Why Is This Phrase Used?
Why does the KJV Bible reference giving up a ghost? Is this some sort of reference to the Holy Ghost? No, it is not a reference to the Holy Ghost/Spirit. In Old and Middle English the word ghost was used synonymously with spirit. So “giving up the ghost” would be synonymous with “yielding your spirit”.
More modern translations will either translate this as simply “die” or in John 19:30 we read that Jesus “bowed his head and gave up his spirit”. The Greek in John 19:30 is indeed a bit different than in the other gospel accounts. There the term “spirit” (pneuma) is specifically used. In Mark and Luke, the word ekpneo (breathed out, expire) is used. That is why in Mark and Luke you’ll read that Jesus “breathed his last” instead of “gave up his spirit”. In Acts, the word used for the death of Ananias, Sapphira, and Herod is ekpsycho. It is the same concept. So, there is something unique about John 19:30.

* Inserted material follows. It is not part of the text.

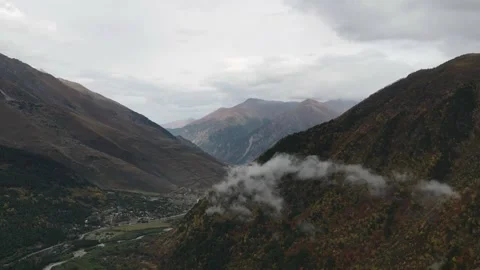 Mountain valley and clouds autumn timelapse drone shot Stock Footage 336482165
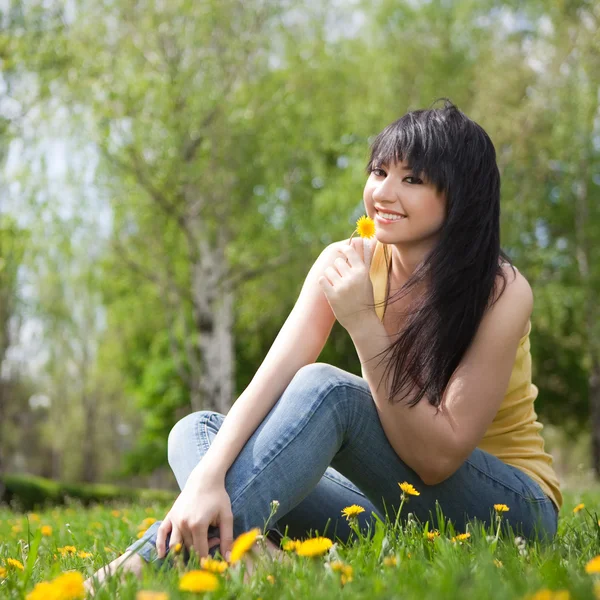 Niedliche Frau im Park mit Löwenzahn — Stockfoto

It is in John 19:30 that I think we are better positioned to understand more about the origins of this phrase. The word used for “gave up” is paradidomi. This is a very common word. It is the same word used for Jesus being delivered over to the guards and authorities. It means that you are giving something over to another. And so in John 19:30, we see that Jesus is yielding the very center of Himself (his pnuema) over to the Father. This is why the phrasing “give up the ghost” became more popular in the 17th and 18th century. It wasn’t simply that you were “pushing up daisies” or “taking a dirt nap” you were actually submitting your spirit to the LORD.
What Does This Phrase Mean?
There is, then, even more meaning in this phrase than simply an idiom to refer to death. And its origins are certainly more profound than being synonymous for your car “kicking the bucket”. It doesn’t simply mean that something no longer functions or works. There is a yielding and submission of the darkest hour into the hands of the LORD.
Jesus, of course, models this for us in the way that when he was dying upon the cross, he entrusted Himself to the Father. I appreciate the words of Tim Challies:
And then we see that he “gave up his spirit.” This reminds us of his uniqueness, for there was something active rather than passive in this “giving up.” To the end, Jesus was willingly enduring his suffering and sacrifice. Yes, He was dragged to the court and the cross, and yes he was nailed to the tree, but all the while He was willing; He was still in control. He was willing to suffer in this way even though He had the power and authority to stop it.
The way someone died in the 17th and 18th centuries was incredibly important. Pastors and family members were looking for this type of yielding at the hour of departure. They had great comfort if someone went peacefully into eternity. It was just a final picture of submissively following the sovereign direction of the Lord.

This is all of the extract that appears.